GauZ destacou a complexidade da miscigenação brasileira, reconhecendo que, embora ela tenha se iniciado de forma violenta, continuará acontecendo de maneira natural e humanista. Para ele, o Brasil serve como exemplo de um futuro inevitável onde as populações se misturam sem imposição.
“Em 100 anos, será obrigatório que o mundo seja como o Brasil porque as pessoas vão se misturar pela vontade e não pela violência”, afirmou.
Um dos choques para o escritor foi constatar a desigualdade social no Brasil, especialmente o fato de que brancos e negros pobres convivem na mesma condição de vulnerabilidade. Essa percepção reforça que as divisões são, acima de tudo, sociais e não exclusivamente raciais.
Participando da Festa Literária Internacional do Pelourinho (Flipelô), em Salvador, GauZ falou sobre escravidão, imigração e colonialismo. Ele explicou que o conceito de África como continente foi moldado pela violência da escravidão, que uniu diferentes povos no navio negreiro.
“A violência moral e cultural da escravidão criou a África como a conhecemos hoje”, disse o escritor.
Ao comparar a escravidão histórica com o atual conflito em Gaza, GauZ apontou que ambas as situações são frutos da colonização europeia. Para ele, a solução para o conflito palestino não reside em Israel, mas nos países europeus que deram origem a essa violência.
“O que está acontecendo em Gaza é o mesmo processo colonial que aconteceu na América Latina e no Brasil”, destacou, ressaltando que a consciência do passado é fundamental para buscar justiça verdadeira.
O escritor defende que os países europeus assumam a responsabilidade histórica por suas ações e que não é justo que outros povos paguem por esses erros atuais. Ele citou o princípio jurídico do paralelismo das formas para sustentar essa ideia.
Experiência e obra
Na Casa Motiva, no Pelourinho, GauZ apresentou seu livro De pé, tá pago, lançado no Brasil após 11 anos da publicação original.
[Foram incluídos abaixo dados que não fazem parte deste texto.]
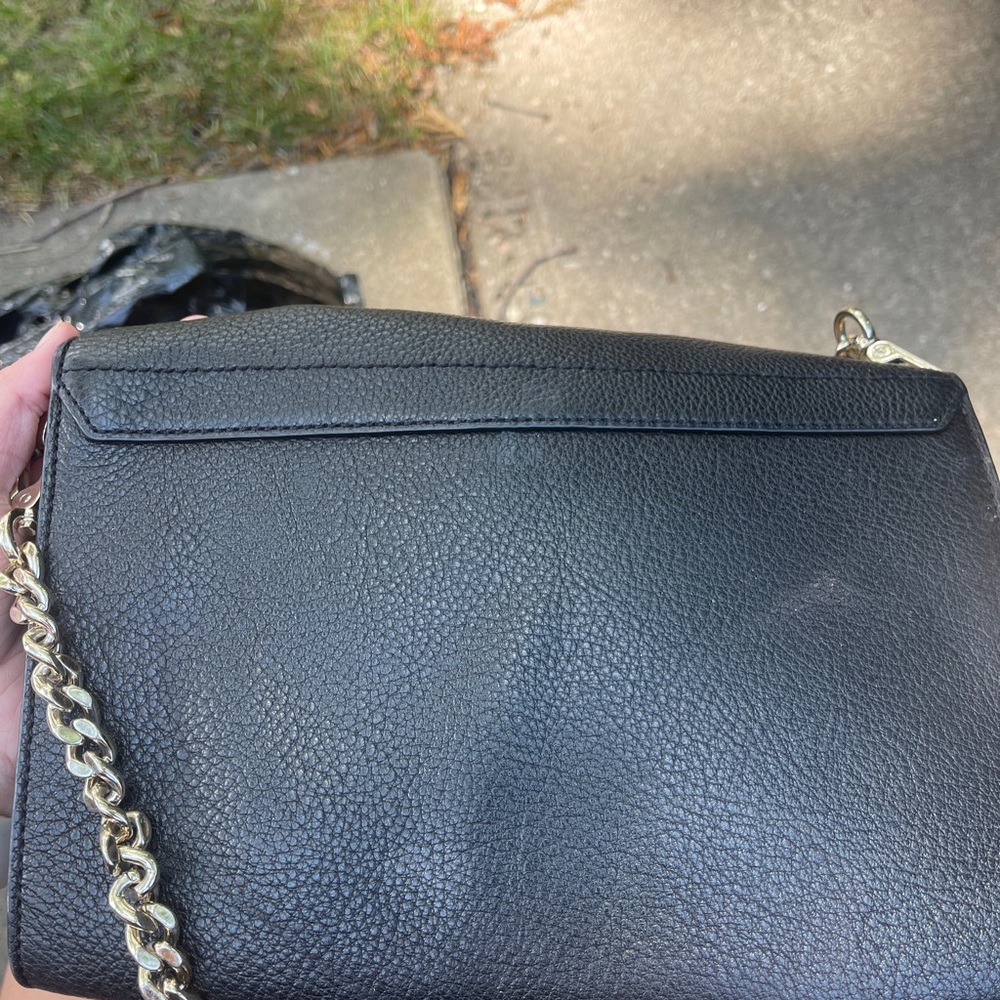 Purse - Picture 2 of 3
A obra retrata a realidade dos imigrantes africanos em Paris, frequentemente relegados a trabalhos precários, especialmente na função de segurança de lojas.
“Na França, quase todos os seguranças são homens negros, o que revela uma relação direta entre pigmentação da pele, situação social e geografia”, explicou.
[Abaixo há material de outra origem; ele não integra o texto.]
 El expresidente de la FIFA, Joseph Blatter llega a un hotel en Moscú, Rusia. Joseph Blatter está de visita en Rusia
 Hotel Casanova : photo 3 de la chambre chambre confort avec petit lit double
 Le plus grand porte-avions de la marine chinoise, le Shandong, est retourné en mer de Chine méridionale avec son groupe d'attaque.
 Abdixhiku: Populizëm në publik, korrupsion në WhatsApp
Ele criticou o sistema capitalista ao destacar que a ideia de segurança nas lojas é uma construção que justifica o controle social, criando uma falsa sensação de perigo para impulsionar o consumo.
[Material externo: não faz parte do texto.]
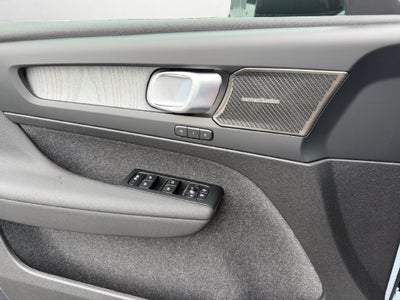 2026 Volvo XC40 B5 Ultra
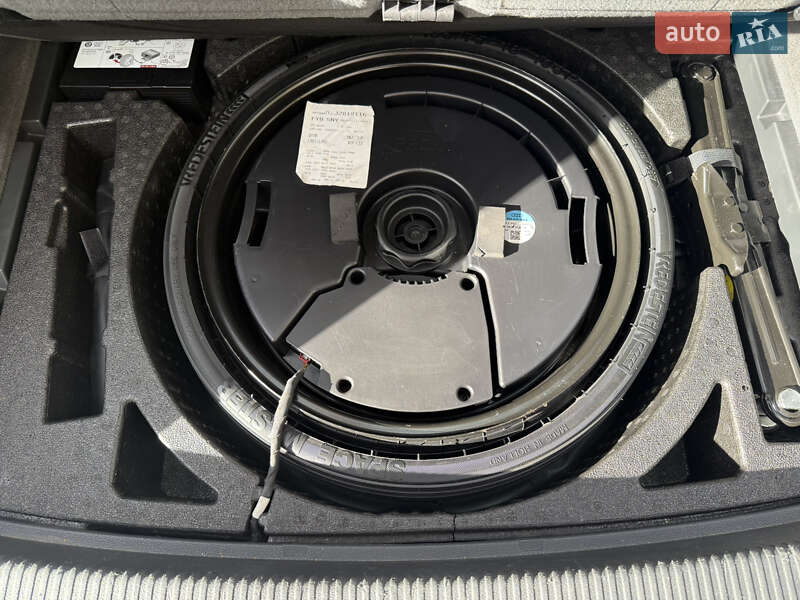 Позашляховик / Кросовер Audi Q5 2017 в Львові фото 20 Позашляховик / Кросовер Audi Q5 2017 в Львові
Além de abordar o racismo e a imigração, o livro questiona o capitalismo e sua influência nas relações sociais, usando ironia e humor como ferramentas para provocar reflexão e conexão com o leitor.
GauZ afirma que sua escrita propõe uma nova literatura, que foge ao formato tradicional e utiliza a inteligência compartilhada como base para o humor presente na obra.
O evento Flipelô, que contou com a participação do escritor, encerrou sua programação no domingo.